R. Sean Morrison, a professor of geriatrics and palliative medicine at Mt. Sinai School of Medicine in New York City, warns that medication management could backfire because pharmacists working for the insurers don't know the patients' medical history. "These are often not simple and straightforward decisions," he says.
Strengthening The Rules
Insurers say they can play an important role in the doctor-patient relationship.
Catherine Misquitta, pharmacy director for Health Net, which provides drug coverage to more than 687,000 seniors, cites "numerous cases" in which neither the member nor the physician realized — until Health Net told them — that the patient had two very similar drugs for the same condition prescribed by different physicians, usually a primary care doctor and a specialist.
Ed Pezalla, the chief of Aetna's pharmacy division, which has more than 586,000 drug plan members, says even when a pharmacist suggests a less costly drug, "the final decision always rests with the patient and the prescribing physician."

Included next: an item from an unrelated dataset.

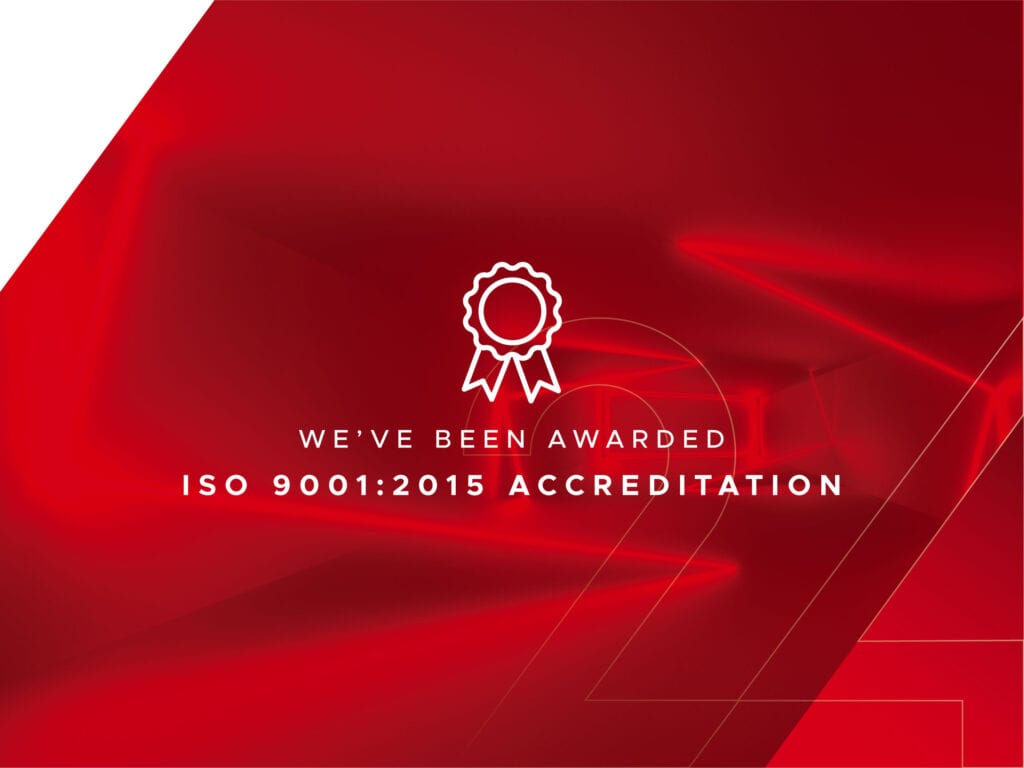 ISO 9001:2015 accreditation with rosette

Nearly 28 million older and disabled people get Medicare-subsidized drug coverage from insurance companies. Almost a quarter of them will be eligible for medication management under the new rules — about twice as many as last year, Medicare spokesman Peter Ashkenaz says. When Medicare drug coverage took effect in 2006, Congress required health plans to provide medication management, but the rules were so vague that an insurer could comply simply by sending a brochure to someone with diabetes.
Under the tougher rules, that won't be enough. The service must include an annual medication review and quarterly reassessments. Discussions must be in person, over the phone or via the Internet, and seniors must get a written summary.
William Fleming, Humana's vice president of pharmacy and clinical integration, says a patient who takes the correct drugs — whether they're brand-name or cheap generic versions — may stay healthier and file fewer medical claims.
People over 65 take twice as many medications as younger adults, an average of six to seven drugs for multiple chronic health problems, according to a study by the federal Agency for Healthcare Research and Quality. Seniors often get prescriptions from multiple doctors and fill them at different pharmacies. Aging bodies process medications less efficiently, so normal doses can build to dangerous levels. Seniors who can't afford their medications may skip doses or cut pills in half.
Any one of these situations could cause serious problems, says pharmacist Gina Upchurch, founder of Senior Pharm8Assist.
Meetings Not Required
Upchurch worries that Medicare's medication management won't detect such problems because the new rules don't mandate face-to-face meetings with patients.
"I can't teach you to use an inhaler without seeing you," Upchurch says. "I can't see if you are drawing up your insulin correctly over the phone."
Ashkenaz says officials were reluctant to impose such a requirement because some older people may have trouble getting to those meetings. The agency will consider changes as they evaluate reports from insurers.
Geneva Boykin, 79, went to Senior PharmAssist last year after complaining of stomach pain. A pharmacist reviewed her 14 medications and contacted Boykin's doctor, who stopped one drug and reduced the dosage of another. Six months later, in January, Boykin returned with good news. "I don't have the burning in my stomach," she said.
This story was produced through collaboration between NPR and Kaiser Health News (KHN), an editorially independent program of the Henry J. Kaiser Family Foundation, a nonpartisan health-care policy research organization. The Kaiser Family Foundation is not affiliated with Kaiser Permanente.